FFRF’s major successes in ending entrenched illegal prayer practices in many Southern public schools are attracting the attention of the Religious Right.
Bryan Fischer of the American Family Association, a Christian group based in Tupelo, Miss., charged in a rambling broadcast Aug. 22 that FFRF has launched a “second War of Northern Aggression.” (The term is used by some Southerners to describe the Civil War.)
Fischer’s remarks came after publicity over FFRF’s complaint that persuaded a Mississippi public school to obey the law and stop broadcasting prayers over its P.A. system before football games. Fischer mused about FFRF’s legal strategy, imagining it to be, “Let’s get rid of every trace of religious liberty in the South, and we can do it because these people will not fight back. And again the Freedom From Religion Foundation, based in Wisconsin, and this is the second War of Northern Aggression and they’re winning this thing.”
FFRF has also followed up on Walker County Schools’ response to FFRF’s request to investigate unusual constitutional violations by Ridgeland [Ga.] High School football coach Mark Mariakis. Although praising the superintendent’s “commitment to upholding the Constitution,” the response raised lingering concerns.
Attorney Andrew Seidel’s Aug. 21 letter detailed allegations that FFRF had received over several egregious sports/church entanglements at Ridge-land. Most notable was the coach taking public school football teams to pregame church meals where prayers are recited.
It was also alleged that Mariakis regularly prayed with his teams, had pressured students to attend a “Christian football camp” and that the team had adopted a “team chaplain.”
Superintendent Damon Raines responded Aug. 30 that “the district will not have a team chaplain nor will school officials or employees, including coaches, organize, lead or participate in any prayers. Staff will also refrain from participating in the [Fellowship of Christian Athletes].” The district said pregame meals will no longer include “religious references.”
Seidel replied Sept. 11 that “taking public school teams to church still involves constitutional concerns.” Quoting legal precedent that bars public schools from holding graduations in churches, he argued that regardless of the purpose in choosing to have a pregame meal in a church, “the sheer religiosity of the space create[s] a likelihood that high school students . . . would perceive a link between church and state.”
FFRF is alarmed over Mariakis’ attendance at a Sept. 9 “Rally to Pray” held to “keep prayer in the practices and before games.” Seidel said, “It seems to send a message that he is unrepentant and hostile to First Amendment limitations on his proselytizing.”
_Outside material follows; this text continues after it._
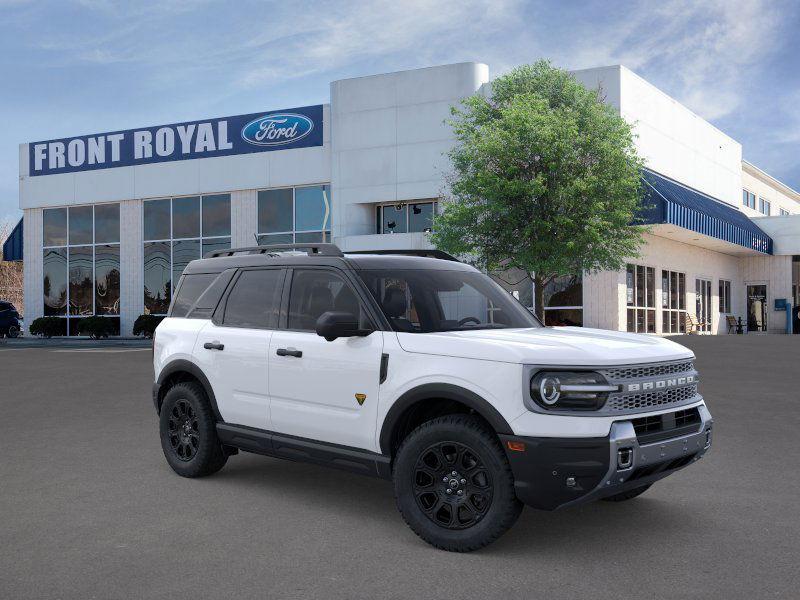 new 2025 Ford Bronco Sport car, priced at $38,799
FFRF wants the district to investigate the coach’s remarks and the rally and to “ensure that Mariakis understands he cannot use his position as coach to ‘share the Gospel’ with his team and other public students.”
FFRF also noted that it appears that school buses are taking players, coaches and staff from the school to churches for meals. FFRF further requested a response to an unanswered allegation from its original complaint that the football program has used the bible as a motivational tool.
FFRF Co-President Annie Laurie Gaylor added, “When a public school district has permitted unconstitutional practices to flourish for years, it creates a climate of intolerance. We see that intolerance in the community’s reaction to our reasonable request to ensure that student rights of conscience, and Supreme Court precedent, are honored in Walker County schools.”